Lucy teaches spelling through word sorts
To teach the ch (cherry) and sh (shoe) sounds, Lucy has her students color and cut out tiny pictures of various objects starting with ch or sh. Next, she has the children sort and glue the pictures into columns according to the beginning letter sound of each object. For example, the ch column contains pictures of a cheese, chair, and chip, while the sh column contains pictures of a ship, shop, and shirt.
The Alternative Lesson Plan
Many children have learned successfully with this lesson. But for those continuing to struggle, the alternative lesson plan is as follows:
- Select spelling words that are relevant to children, rather than using pre-determined spelling lists of words.
Some children do not learn well through pre-determined or arbitrary spelling lists of words, as the information can appear random.
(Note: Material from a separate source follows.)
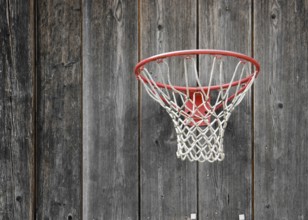 A basketball basket on weathered wooden facade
Unless the words are the same words that the children encounter during their reading and writing activities, they may not understand the relevance of the sorting activity to the actual reading and writing context.
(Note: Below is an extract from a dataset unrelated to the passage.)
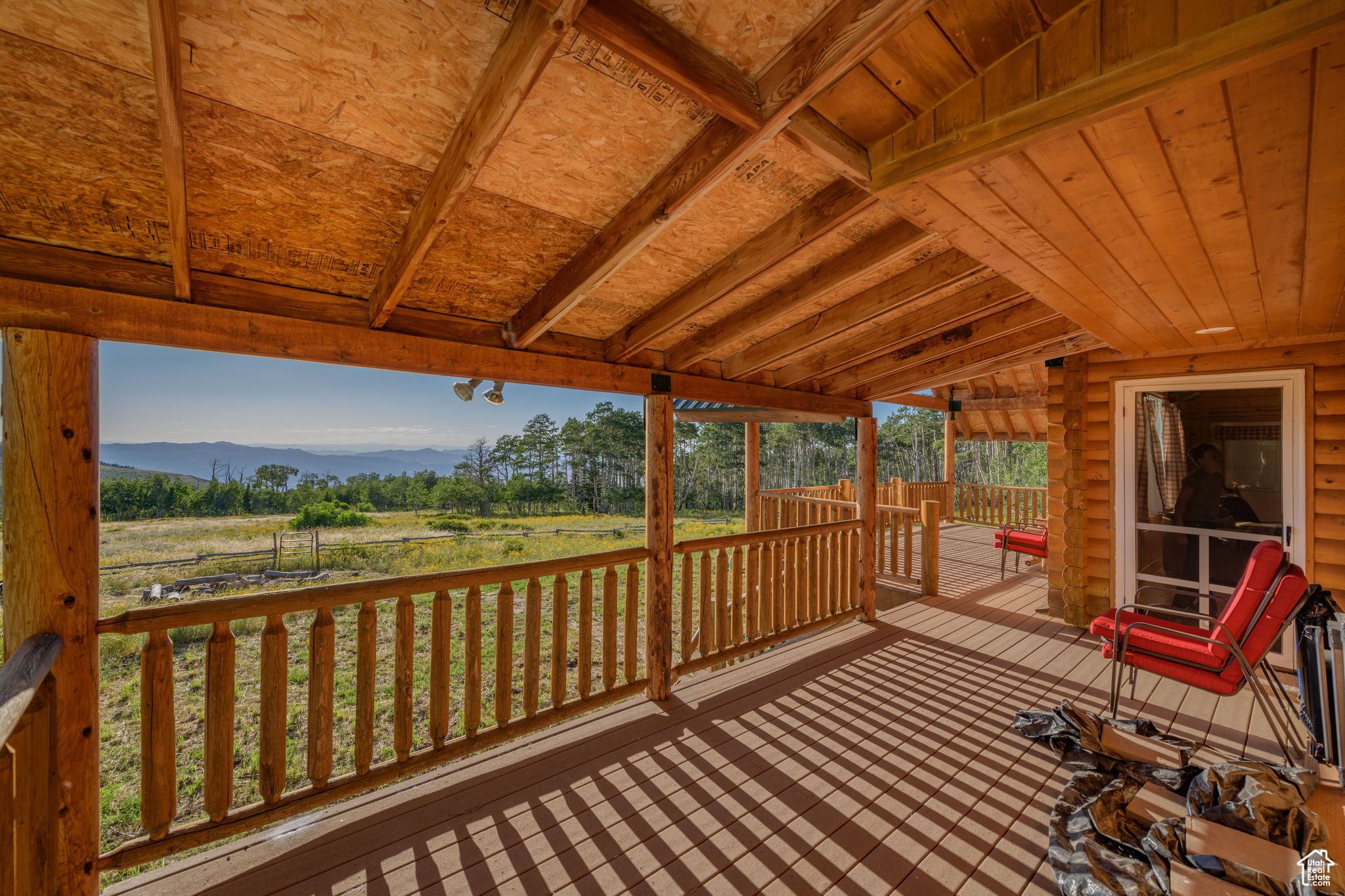 Wooden deck featuring a mountain view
- Leave the coloring, cutting, and pasting for arts and crafts.
Although the children appear busy at work, the coloring, cutting, and pasting may be distracting to learning the concept at hand (the sounds of the ch and sh) and is more appropriate for fine-motor or art activities. These children need more direct instruction of literacy concepts.
- Mirror the thought process exactly as used in the real-life context.
Although the word sort is related to reading and spelling, completing the word sort does not require the same thought processes needed for reading and writing the ch and sh in actual contexts. Some children need to learn skills in the exact same way that they are to be applied in the real-life context and thus need more thorough instruction than the word-sort activity.